The story is a good and compelling one; Julius Caesar has been murdered and his killing is framed on the father of a soldier fighting in Germania, Agrippa. On returning to Rome to see his mother executed, Agrippa becomes a gladiator in order to face the man who killed her. His friend, Octavianus, nephew of the late Caesar, goes on his own private investigation to prove Agrippa's father innocent. The two storylines gives home to the fact that Shadow of Rome has two different types of gameplay - combat and stealth.
The combat is extremely bloody and brutal, yet totally compelling. There is a certain satisfaction you get as you cut your foes down. The arsenal of weapons you get is impressive, ranging from scimitars, to maces, to halberds, to morning stars. With your primary weapons, you can also get shields, helmets, daggers, torches . . . the list goes on and unravels as you continue to play. Although I was unsure of it at first, I have grown to think the combat rather amazing. It's so varied and there's countless ways of killing your foes. You can snatch their weapons from them, use fight combos, throw them into pits full of spikes, smash their skulls, severe limbs . . . which you then can beat them with. The more brutal you are, the more the audience will love you and even help you by throwing weapons into the arena, which can be a godsend. There's a whole range of tournaments, varying the levels - some of the first levels are even set in the Germanian forests and a fort. In many ways, this game is highly influenced by Ridley Scott's Gladiator, even some of the lines are similar. But it's all good and a fine work of a game.

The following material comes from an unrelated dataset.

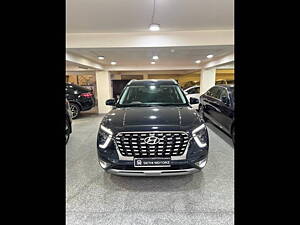 Second Hand Hyundai Alcazar Signature (O) 6 STR 2.0 Petrol AT in Delhi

At the other end of the spectrum, is the stealth in the gameplay. Octavianus, a young boy, advised by an old man, sneaks throughout levels. This isn't exactly Splinter Cell. It's easier, sometimes quite good and Capcom have clearly tried to vary the gameplay which is a good idea. The storyline you're uncovering in the assassination of Caesar is thoroughly compelling and dark. Sadly though, the stealth gameplay is linear - there's only one route to your objective. However, you can silently dispose of enemies, take items and even their clothes. Sometimes it even looks like the Hitman series. Although flawed and slightly weak compared to the combat engine, personally I did like this side of it. It's almost like a calm after the storm.
Shadow of Rome is a game that could be in an arcade, but one of the highest quality. It's fast paced, crushing and maintains its historical essence from start to finish. If you like violent, mildly realistic combat games and enjoyed games such as Ominushia and Dynasty Warriors, this really is for you.